Overflow checking is often turned off in default compiler settings. Why? Because the additional code to check for overflow after every operation takes time and space, which can degrade the runtime performance of your code.
Do yourself a favor and at least develop and test your code with overflow checking turned on.
From wikipedia:
In computer programming, an integer
overflow occurs when an arithmetic
operation attempts to create a numeric
value that is larger than can be
represented within the available
storage space. For instance, adding 1 to the largest value that can be represented
constitutes an integer overflow. The
most common result in these cases is
for the least significant
representable bits of the result to be
stored (the result is said to wrap).
You should care about it especially when choosing the appropriate data types for your program or you might get very subtle bugs.
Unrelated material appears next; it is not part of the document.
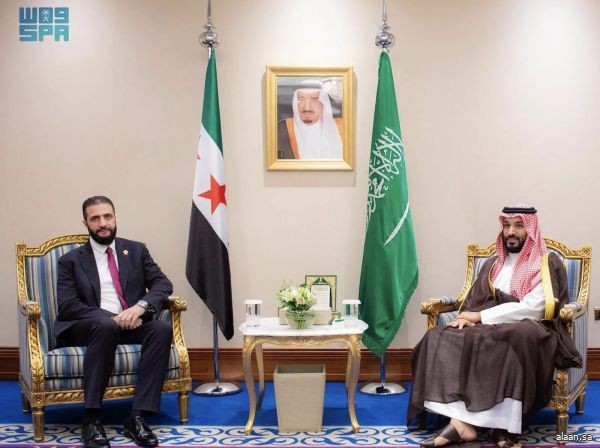 سموُّ ولي العهد يلتقي رئيس الجمهورية العربية السورية سموُّ ولي العهد يلتقي رئيس الجمهورية العربية السورية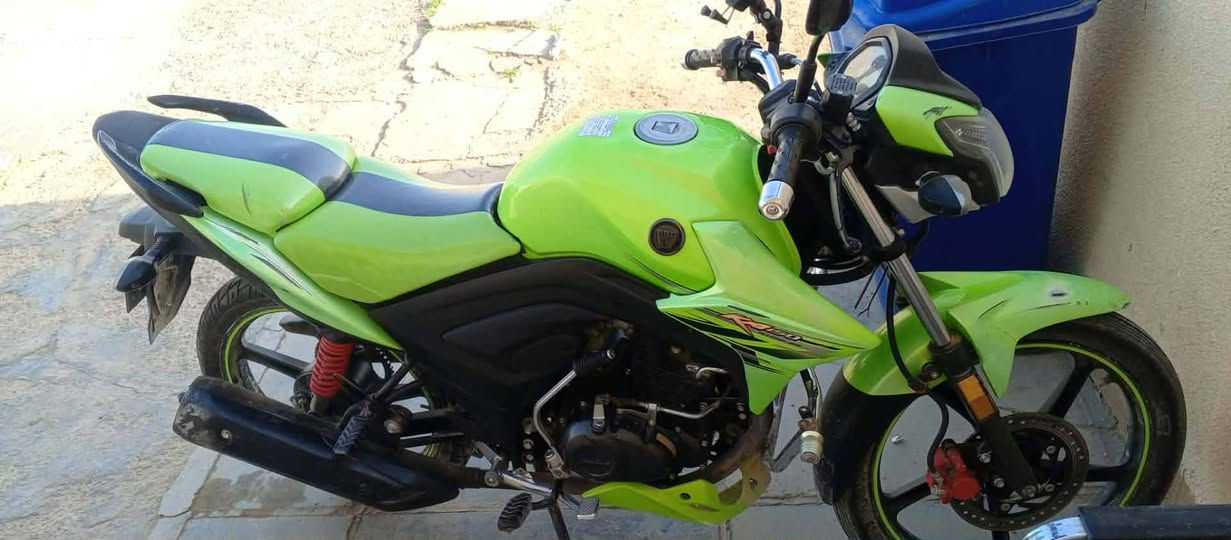 هاوجي للبيع مسجل وكامل موديل ٢١ نضيف حيل خير من لله سعر16ونص ليحب يجي خاص


**إذا كنت صاحب هذا الإعلان وتريد حذفه لأي سبب، رجاءا أرسل رسالة إلى الدعم الفني**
From http://www.first.org/conference/2006/papers/seacord-robert-slides.pdf :
An integer overflow occurs when an integer is
increased beyond its maximum value or
decreased beyond its minimum value.
Overflows can be signed or unsigned.
P.S.: The PDF has detailed explanation on overflows and other integer error conditions, and also how to tackle/avoid them.
I'd like to be a bit contrarian to all the other answers so far, which somehow accept crappy broken math as a given. The question is tagged language-agnostic and in a vast number of languages, integers simply never overflow, so here's my kind-of sarcastic answer:
What is an integer overflow error?
An obsolete artifact from the dark ages of computing.
why do i care about it?
You don't.
how can it be avoided?
Use a modern programming language in which integers don't overflow. (Lisp, Scheme, Smalltalk, Self, Ruby, Newspeak, Ioke, Haskell, take your pick ...)
I find showing the Two’s Complement representation on a disc very helpful.
Here is a representation for 4-bit integers. The maximum value is 2^3-1 = 7.
For 32 bit integers, we will see the maximum value is 2^31-1.
When we add 1 to 2^31-1 : Clockwise we move by one and it is clearly -2^31 which is called integer overflow
Ref : https://courses.cs.washington.edu/courses/cse351/17wi/sections/03/CSE351-S03-2cfp_17wi.pdf
This happens when you attempt to use an integer for a value that is higher than the internal structure of the integer can support due to the number of bytes used. For example, if the maximum integer size is 2,147,483,647 and you attempt to store 3,000,000,000 you will get an integer overflow error.